I don't have that one, but I do have the $18 70 lumen Rebel MTE version (sku.4862) that came out first, as well as the $19 Cree MTE version. What I can say so far is that the Cree version has noticeably greater output than the Rebel version (note that I haven't done runtimes on either yet). My Cree also has a very floody beam compared to the Rebel version.

Build quality is the same on both: quite good, and is actually a step up from the decent single-stage MTE reviewed here.

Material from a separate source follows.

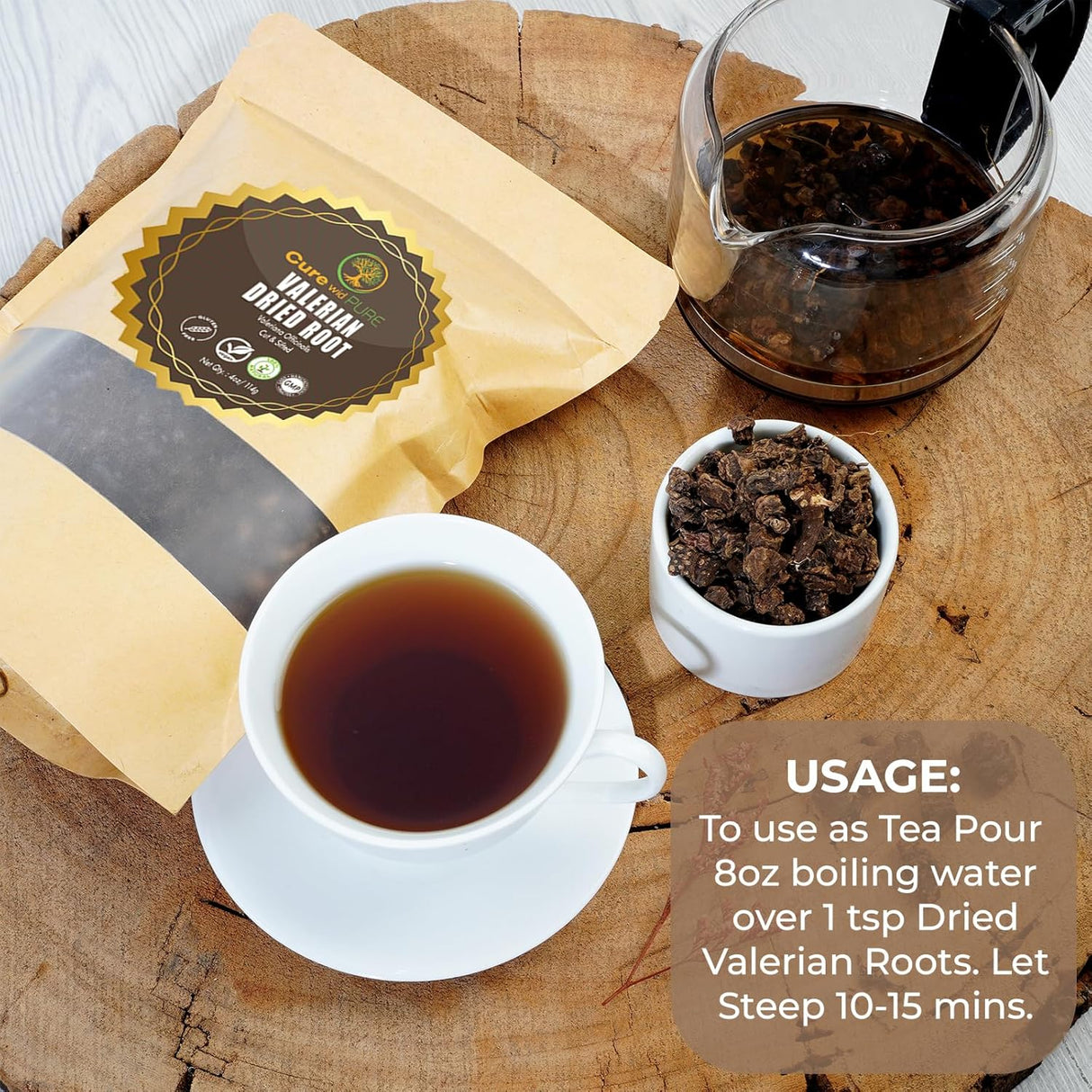 Suplemento Té orgánico de raíz de valeriana sueño relajante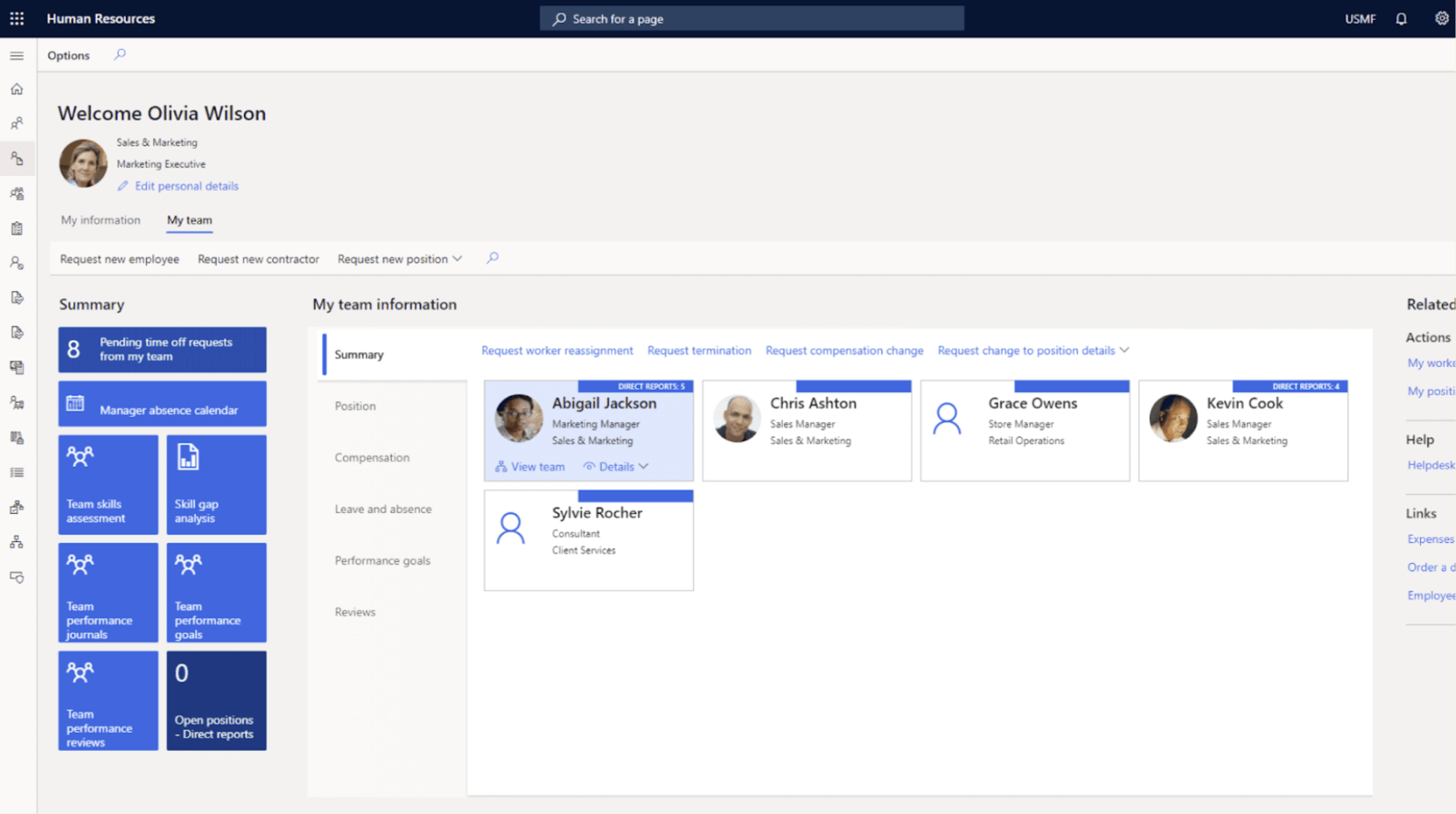 Microsoft Dynamics 365 Human Resources – Self-service dashboard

The switch mechanism is a bit finicky and stiff for switching modes, but works ok.

These are on my list to review - but currently I'm doing runtime tests on the new Luma 301 and Rex 2.1 for the multi-stage 1AA update. I'll keep you posted on my progress ...


----------



## mchlwise (Aug 8, 2007)

EXCELLENT review, as always. :twothumbs

Great tool for making a decision as to which light to buy.


----------



## lightbug (Aug 8, 2007)

Fantastic review selfbuilt. Thank you for your effort!


----------



## selfbuilt (Aug 9, 2007)

Thanks for support guys.

Although most of us are into multi-stage lights now, it's pretty common to see questions in the LED forum on which single-stage is the best to buy. Although I haven't covered all of them here, I think it's a fairly safe rule that build quality is well correlated with price. You get what you pay for.

Not sure when I will get around to the cheap multi-stage lights - takes a lot of time to do all the runtimes, and build quality is pretty poor on most the lights (certainly in ~$15 range). So far, only the MTE 5-stage lights have impressed me as likely worth the money, although I wish they had lower low modes.


----------



## LA OZ (Aug 9, 2007)

Thank you for the great review.


----------



## jbierling (Aug 9, 2007)

selfbuilt said:


> So far, only the MTE 5-stage lights have impressed me as likely worth the money, although I wish they had lower low modes.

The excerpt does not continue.